On appeal, Nitsche’s only point contends that the trial court erred in directing the verdict for the Bank when a question of fact still remained as to whether or not he had signed the deed of trust. Nitsche’s testimony denied his signing the deed of trust, whereas the Bank claimed he had signed. Since there was a factual dispute as to the signing of the deed of trust, a directed verdict on that issue could not follow.

The Bank also argues that the directed verdict should stand because Nitsche failed to specifically plead any special damages. Essentially, the Bank asserts that Nitsche’s petition failed to state a claim. “However, if the petitioner’s allegations invoke substantive principles of law which may entitle the pleader to relief, it will be sustained even though the cause of action is imperfectly or defectively stated.” Euge v. Golden, 551 S.W.2d 928, 930 (Mo.App.1977), and cases cited therein. In the instant case, Nitsche’s petition states a claim for slander of title, which does not require a showing of special damages.

In Euge, the court stated that “[rjecordation of a false instrument does state a claim under slander of title.” Id. at 932. The court cited to Greenlake Inv. Co. v. Swarthout, 161 S.W.2d 697 (Mo.App.1942), wherein the court said:

It is true, as defendant’s point out, that plaintiff’s petition does not allege any special damages suffered as the result of defendant’s acts, but we think it is clear that plaintiff’s legal rights were injuriously affected by the acts of defendants, and even though plaintiff suffered no *257substantial actual damages, it would nevertheless be entitled, on proof of such charges, to nominal actual damages because of the wrongful invasion of its rights by defendants.

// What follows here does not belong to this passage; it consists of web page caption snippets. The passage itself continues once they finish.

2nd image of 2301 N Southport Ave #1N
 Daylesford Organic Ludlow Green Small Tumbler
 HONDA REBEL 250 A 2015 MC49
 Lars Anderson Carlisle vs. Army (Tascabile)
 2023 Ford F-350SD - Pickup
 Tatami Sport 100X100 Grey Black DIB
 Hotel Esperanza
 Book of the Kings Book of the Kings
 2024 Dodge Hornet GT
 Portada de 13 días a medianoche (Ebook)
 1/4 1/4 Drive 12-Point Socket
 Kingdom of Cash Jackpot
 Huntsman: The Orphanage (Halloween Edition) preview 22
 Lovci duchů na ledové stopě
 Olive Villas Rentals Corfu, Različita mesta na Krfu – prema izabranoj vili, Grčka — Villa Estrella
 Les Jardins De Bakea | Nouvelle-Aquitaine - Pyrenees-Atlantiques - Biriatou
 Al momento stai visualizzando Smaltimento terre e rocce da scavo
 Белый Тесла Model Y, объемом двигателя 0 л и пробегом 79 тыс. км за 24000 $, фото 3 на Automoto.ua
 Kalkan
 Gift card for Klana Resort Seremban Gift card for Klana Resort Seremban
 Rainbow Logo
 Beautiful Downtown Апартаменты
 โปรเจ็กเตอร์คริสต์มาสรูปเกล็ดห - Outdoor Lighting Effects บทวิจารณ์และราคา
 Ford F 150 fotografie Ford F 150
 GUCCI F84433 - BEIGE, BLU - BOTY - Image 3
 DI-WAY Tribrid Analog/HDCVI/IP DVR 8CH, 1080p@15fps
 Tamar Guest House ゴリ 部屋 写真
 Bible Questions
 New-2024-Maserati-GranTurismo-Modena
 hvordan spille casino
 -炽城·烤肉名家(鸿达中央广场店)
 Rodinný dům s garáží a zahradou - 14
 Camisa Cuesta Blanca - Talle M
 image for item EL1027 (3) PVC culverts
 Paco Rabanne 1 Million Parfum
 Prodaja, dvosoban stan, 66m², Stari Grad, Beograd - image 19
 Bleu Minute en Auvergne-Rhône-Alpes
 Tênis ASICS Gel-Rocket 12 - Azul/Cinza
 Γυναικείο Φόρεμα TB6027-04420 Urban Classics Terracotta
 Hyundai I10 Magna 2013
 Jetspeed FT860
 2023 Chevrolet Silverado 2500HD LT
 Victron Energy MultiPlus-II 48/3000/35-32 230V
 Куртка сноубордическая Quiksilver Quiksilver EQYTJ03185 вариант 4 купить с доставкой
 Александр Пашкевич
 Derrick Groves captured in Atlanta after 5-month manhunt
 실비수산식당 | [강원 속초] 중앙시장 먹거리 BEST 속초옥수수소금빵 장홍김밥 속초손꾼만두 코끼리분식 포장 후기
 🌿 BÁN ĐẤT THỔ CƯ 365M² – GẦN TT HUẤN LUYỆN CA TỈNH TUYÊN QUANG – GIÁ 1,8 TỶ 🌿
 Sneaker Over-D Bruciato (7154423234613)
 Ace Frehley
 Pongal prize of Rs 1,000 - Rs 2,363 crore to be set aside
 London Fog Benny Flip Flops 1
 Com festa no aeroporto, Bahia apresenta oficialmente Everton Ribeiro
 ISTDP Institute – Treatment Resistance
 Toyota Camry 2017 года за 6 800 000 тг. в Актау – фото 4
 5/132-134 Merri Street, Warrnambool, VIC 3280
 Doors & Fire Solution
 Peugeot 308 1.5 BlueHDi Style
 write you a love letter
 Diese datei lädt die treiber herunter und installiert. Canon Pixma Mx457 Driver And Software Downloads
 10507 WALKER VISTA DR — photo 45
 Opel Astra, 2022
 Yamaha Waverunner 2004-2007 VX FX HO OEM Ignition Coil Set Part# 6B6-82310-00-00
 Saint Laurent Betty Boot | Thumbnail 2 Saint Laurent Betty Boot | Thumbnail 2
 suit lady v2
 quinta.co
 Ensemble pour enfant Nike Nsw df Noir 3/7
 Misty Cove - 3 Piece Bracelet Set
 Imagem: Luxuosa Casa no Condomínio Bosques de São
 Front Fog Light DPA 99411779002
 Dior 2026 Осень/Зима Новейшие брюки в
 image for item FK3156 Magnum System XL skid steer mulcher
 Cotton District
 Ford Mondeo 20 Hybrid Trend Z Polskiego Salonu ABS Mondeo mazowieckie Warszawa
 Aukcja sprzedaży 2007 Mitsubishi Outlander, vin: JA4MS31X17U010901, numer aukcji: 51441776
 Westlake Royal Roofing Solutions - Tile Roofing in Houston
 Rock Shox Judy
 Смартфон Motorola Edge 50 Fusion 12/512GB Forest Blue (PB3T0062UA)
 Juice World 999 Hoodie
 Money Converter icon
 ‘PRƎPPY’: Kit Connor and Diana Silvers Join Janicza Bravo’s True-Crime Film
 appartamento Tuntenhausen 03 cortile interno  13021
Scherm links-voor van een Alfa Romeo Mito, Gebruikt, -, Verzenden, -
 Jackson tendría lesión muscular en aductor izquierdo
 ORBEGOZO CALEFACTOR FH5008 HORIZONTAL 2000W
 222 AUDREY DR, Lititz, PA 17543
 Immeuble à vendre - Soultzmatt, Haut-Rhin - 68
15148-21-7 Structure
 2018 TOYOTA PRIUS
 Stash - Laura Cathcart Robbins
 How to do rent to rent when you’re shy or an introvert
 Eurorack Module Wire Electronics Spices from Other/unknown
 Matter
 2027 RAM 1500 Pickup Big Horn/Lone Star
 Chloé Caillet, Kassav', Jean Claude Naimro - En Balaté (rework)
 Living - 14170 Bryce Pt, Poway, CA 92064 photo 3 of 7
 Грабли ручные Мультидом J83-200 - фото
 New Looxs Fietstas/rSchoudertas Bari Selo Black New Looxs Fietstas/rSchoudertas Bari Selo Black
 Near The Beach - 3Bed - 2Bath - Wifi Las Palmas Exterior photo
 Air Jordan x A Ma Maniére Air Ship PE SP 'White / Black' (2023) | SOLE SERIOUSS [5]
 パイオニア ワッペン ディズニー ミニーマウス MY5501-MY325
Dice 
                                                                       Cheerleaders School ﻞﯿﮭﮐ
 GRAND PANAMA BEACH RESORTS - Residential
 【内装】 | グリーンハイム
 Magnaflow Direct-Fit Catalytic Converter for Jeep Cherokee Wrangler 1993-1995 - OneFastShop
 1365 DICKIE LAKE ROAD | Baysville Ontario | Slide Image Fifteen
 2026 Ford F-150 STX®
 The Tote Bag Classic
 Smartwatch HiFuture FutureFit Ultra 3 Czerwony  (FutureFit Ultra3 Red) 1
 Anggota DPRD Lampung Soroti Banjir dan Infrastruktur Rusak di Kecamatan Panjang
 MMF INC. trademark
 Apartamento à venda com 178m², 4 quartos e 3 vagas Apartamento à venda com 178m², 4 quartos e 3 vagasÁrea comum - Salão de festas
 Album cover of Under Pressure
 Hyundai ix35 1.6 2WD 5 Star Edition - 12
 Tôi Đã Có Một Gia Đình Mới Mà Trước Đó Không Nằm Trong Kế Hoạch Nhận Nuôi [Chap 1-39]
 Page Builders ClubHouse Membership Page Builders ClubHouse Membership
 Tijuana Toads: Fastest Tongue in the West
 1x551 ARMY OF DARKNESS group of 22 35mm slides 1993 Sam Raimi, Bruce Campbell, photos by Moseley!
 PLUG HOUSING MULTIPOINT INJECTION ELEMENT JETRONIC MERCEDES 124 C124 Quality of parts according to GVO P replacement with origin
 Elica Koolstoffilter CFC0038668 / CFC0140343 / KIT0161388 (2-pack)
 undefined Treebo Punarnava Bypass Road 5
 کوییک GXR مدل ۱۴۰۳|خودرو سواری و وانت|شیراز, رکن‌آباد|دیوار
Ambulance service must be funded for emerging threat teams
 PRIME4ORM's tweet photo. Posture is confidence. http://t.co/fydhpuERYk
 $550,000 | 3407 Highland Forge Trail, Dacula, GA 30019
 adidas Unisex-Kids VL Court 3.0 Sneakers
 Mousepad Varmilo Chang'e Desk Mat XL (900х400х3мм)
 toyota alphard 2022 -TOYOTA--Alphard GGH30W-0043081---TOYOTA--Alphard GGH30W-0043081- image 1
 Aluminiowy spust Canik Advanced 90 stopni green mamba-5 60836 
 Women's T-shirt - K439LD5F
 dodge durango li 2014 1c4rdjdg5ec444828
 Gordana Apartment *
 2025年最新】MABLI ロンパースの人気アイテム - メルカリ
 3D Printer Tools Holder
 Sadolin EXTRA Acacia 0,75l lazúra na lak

Id. at 699. See also Butts v. Long, 94 Mo.App. 687, 68 S.W. 754 (1902). In Euge, the plaintiff alleged a false deed of trust was recorded against his property with an intent to defraud him. In Greenlake it was the recording of an alleged false mechanic’s lien.

In the present case, the jury has to decide whether Nitsche signed the second deed of trust recorded by the Bank. If the jury finds in favor of Nitsche on that issue, the holding in Greenlake would support an award of at least nominal damages, which in turn could sustain an award of punitive damages. Id. at 699. As the court stated in Euge: “... although plaintiff may have difficulty proving his allegations, he should be afforded his day in court .... ” 551 S.W.2d at 932.1

The judgment resulting from the trial court sustaining the Bank’s motion for directed verdict is reversed and the cause remanded.

. A certificate of acknowledgment to a deed is only prima facie evidence of the facts recited. In order to overcome this prima facie case, plaintiff must show by a “clear and decided preponderance of evidence” that the signature on the deed was false. Albright v. Stevenson, 227 Mo. 333, 126 S.W. 1027, 1028 (1910). See § 490.430, RSMo 1978.